Era un deseo que tenía desde hace mucho tiempo y del que he querido librarme. Me imaginaba que eso de ser el amo de un país daba más gusto. La ocasión era buena y el negocio quedó concluido en pocos días. Al presidente le llegaba el agua hasta el cuello: su Gobierno, compuesto por paniaguados suyos, estaba en peligro. Las arcas estaban vacías e imponer nuevos impuestos hubiera sido la señal para el derrocamiento de todo el clan que asumía el poder, tal vez de una revolución. Ya había un general que armaba bandas de rebeldes y prometía cargos y empleos al primero que llegaba.
En cuatro días nos pusimos de acuerdo. Anticipé algunos millones y asigné al presidente, a todos los ministros y a sus secretarios unos estipendios dobles que los que recibían del Estado. Me han dado en prenda -sin que lo sepa el pueblo- las aduanas y los monopolios. Además, el presidente y los ministros han firmado un convenio secreto que, prácticamente, me da el control sobre toda la vida de la nación. Aunque yo parezca, cuando vaya por allí, un simple huésped de paso, soy, en realidad, el amo casi absoluto del país.

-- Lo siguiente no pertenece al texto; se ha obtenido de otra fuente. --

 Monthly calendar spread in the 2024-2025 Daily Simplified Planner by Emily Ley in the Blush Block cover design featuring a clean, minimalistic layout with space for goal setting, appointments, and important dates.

Sufrir todas las molestias y servidumbre de la comedia política es una fatiga tremenda, pero ser el titiritero que, tras el telón, puede solazarse tirando de los hilos de los fantoches obedientes a sus movimientos es un oficio voluptuoso
El espectáculo, para mí, es bastante divertido. Las Cámaras continúan legislando, en apariencia libremente; los ciudadanos siguen imaginándose que la nación es autónoma e independiente y que de su voluntad depende el curso de los acontecimientos. No saben que todo lo que ellos creen poseer -vida, bienes, derechos civiles- penden, en última instancia, de un extranjero desconocido para ellos, es decir, de mí.

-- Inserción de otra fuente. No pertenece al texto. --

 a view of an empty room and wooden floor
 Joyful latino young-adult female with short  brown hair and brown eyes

Mañana puedo ordenar la clausura del Parlamento, una reforma de la Constitución, el aumento de las tarifas de aduanas, la expulsión de los inmigrantes. Podría, si quisiese, revelar los acuerdos secretos de la camarilla ahora dominante y derribar con ello al Gobierno, desde el presidente hasta el último secretario. No me sería imposible siquiera empujar al país que tengo en mis manos a declarar la guerra a una de las repúblicas limítrofes.
Un sindicato de negocios
Este poder oculto, pero ilimitado, me ha hecho pasar algunas horas agradables. Sufrir todas las molestias y servidumbre de la comedia política es una fatiga tremenda, pero ser el titiritero que, tras el telón, puede solazarse tirando de los hilos de los fantoches obedientes a sus movimientos es un oficio voluptuoso. Yo no soy más que el rey de incógnito de una pequeña república en desorden, pero la facilidad con que he conseguido adueñármela y el evidente interés de todos los enterados en conservar el secreto, me hace pensar que otras naciones, y bastante más grandes e importantes que la mía, viven, sin darse cuenta, bajo una análoga dependencia de misteriosos soberanos extranjeros. Siendo necesario mucho más dinero para su adquisición, se tratará, en vez de un solo dueño, como en mi caso, de un trust, de un sindicato de negocios, de un grupo restringido de capitalistas o de banqueros.
¿Les gustó el cuento? Bueno, pues es hora de aclararlo por completo. Ustedes, supongo, habrán entrevisto en esas confidencias, según y cómo, ya la imagen de Puigdemont, ya la de Elon Musk, como eventuales protagonistas en los que reconozco manos ideales para el guante en que vivimos. Pero, ca. Ese cuento no es mío, qué más quisiera yo, ni por asomo –no todos en este país vamos a aspirar así como así a los bienes ajenos-- sino la profecía anticipada que escribiera Giovanni Papini hace un siglo mal contado, vamos, en 1931. No quiero lo que no es mío, pero ahí lo dejo por si vale para ilustrar el barrunto que muchos tenemos sobre la posibilidad de que lo que nos gobierne en esta complicada vida no sea la Razón tomista sino el Arquetipo junguiano: ese hombre, Papini, no ofrecía una historieta ni menos se inventaba un Gog inverosímil. Quizá, simplemente, entrevió una fantasía que la Historia se ha encargado de descubrir en la España en que vivimos.